* [WHAT TO DO]: Your answer should be the lines of the material that include the word "this".

* [DATASET RECORDS]:
◇ ◇ ◇ ◇

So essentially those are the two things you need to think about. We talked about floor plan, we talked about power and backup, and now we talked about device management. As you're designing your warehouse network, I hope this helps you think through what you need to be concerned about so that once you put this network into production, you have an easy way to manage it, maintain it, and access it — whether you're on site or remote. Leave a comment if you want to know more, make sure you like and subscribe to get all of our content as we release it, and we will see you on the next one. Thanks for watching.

◇ ◇ ◇ ◇

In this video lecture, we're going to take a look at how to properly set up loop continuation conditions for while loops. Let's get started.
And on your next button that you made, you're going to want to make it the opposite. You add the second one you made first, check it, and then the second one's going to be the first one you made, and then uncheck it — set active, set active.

◇ ◇ ◇ ◇

* [PROBLEM SOLUTION]:
So essentially those are the two things you need to think about. We talked about floor plan, we talked about power and backup, and now we talked about device management. As you're designing your warehouse network, I hope this helps you think through what you need to be concerned about so that once you put this network into production, you have an easy way to manage it, maintain it, and access it — whether you're on site or remote. Leave a comment if you want to know more, make sure you like and subscribe to get all of our content as we release it, and we will see you on the next one. Thanks for watching.
In this video lecture, we're going to take a look at how to properly set up loop continuation conditions for while loops. Let's get started.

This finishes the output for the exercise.